Archive for category Rants: Webcomics
2011 was a good year. I thought I’d share some of the amazing stories I came across, in no particular order:
For seven months, I challenged myself to read only books by female authors. I’ve tended towards reading mostly white male (hetero?) authors, and I figured if I could pick up some new insta-read authors, I could help change the disparity in publishing (if not literary criticism) with my money. As expected, I found a lot of great fiction by incredibly talented women:
- Cressida Cowell’s How to Train Your Dragon: Has a different flavor than the movie, but both are equally entertaining. The abridged audio is read by David Tennant, who does all the voices (squee).
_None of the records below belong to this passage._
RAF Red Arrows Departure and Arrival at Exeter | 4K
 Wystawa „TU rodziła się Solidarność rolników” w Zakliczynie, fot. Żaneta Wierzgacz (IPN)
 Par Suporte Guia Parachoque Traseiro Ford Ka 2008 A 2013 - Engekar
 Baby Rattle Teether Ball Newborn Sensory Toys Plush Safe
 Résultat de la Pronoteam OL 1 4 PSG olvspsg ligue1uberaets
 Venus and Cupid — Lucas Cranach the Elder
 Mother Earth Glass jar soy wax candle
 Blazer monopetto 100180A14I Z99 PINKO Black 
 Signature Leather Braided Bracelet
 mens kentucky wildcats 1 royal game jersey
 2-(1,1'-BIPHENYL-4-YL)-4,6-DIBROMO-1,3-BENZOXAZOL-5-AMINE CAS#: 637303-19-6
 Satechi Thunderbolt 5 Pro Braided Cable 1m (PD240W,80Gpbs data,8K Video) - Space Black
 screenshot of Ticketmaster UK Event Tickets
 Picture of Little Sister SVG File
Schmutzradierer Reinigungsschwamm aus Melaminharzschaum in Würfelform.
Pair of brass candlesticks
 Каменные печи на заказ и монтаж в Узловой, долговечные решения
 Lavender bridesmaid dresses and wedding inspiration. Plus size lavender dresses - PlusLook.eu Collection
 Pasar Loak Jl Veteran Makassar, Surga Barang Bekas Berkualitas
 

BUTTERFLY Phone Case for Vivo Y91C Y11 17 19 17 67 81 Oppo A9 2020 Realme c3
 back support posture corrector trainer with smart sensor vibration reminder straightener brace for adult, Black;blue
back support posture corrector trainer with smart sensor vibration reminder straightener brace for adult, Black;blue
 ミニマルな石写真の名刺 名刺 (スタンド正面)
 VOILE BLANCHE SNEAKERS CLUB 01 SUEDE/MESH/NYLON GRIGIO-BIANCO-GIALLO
- Jaida Jones and Danielle Bennett’s Shadow Magic: By far my favorite book from Jones and Bennett. I don’t care for Rook, a protagonist of Havemercy and Dragon Soul, and his absence in this book allowed me to enjoy the worldbuilding and the authors’ trademark ability to play characters off of each other.
- Ursula K. LeGuin’s Left Hand of Darkness: Classic sci-fi about an ambassador trying to obtain the trust and understanding of a foreign world with a unisex race. The worldbuilding is excellent.
- Susanna Clarke’s Jonathan Strange and Mr Norrell: Positively beautiful, elegant prose. Reminded me of Neil Gaiman’s books, where the magic often occurs in the shadows, just out of the corner of your eye.
- Robin Hobb’s The Farseer: The Assassin’s Apprentice: I bought the trilogy for $3, but these books are definitely worth a lot more. In this, the first book, the bastard son of a prince is given a place to stay and a vocation by his grandfather, the king. The characters give this book heart (and kept me from putting it down).
- Cherie Priest’s Dreadnought: Civil War-era steampunk and zombies. A quick-and-dirty read, with possibly some of the best action scenes I’ve read.
- Suzanne Collins’ The Hunger Games: I’ve been recommending this to people right and left. It’s like Battle Royale, but not nearly so dark and definitely not as sexual. And even if you’re not normally into darker books with good people dying at the hands of other (good?) people, it’s short, often cheap, and you won’t lose much by picking it up. But really, I don’t expect you’ll be able to put it down until it’s over.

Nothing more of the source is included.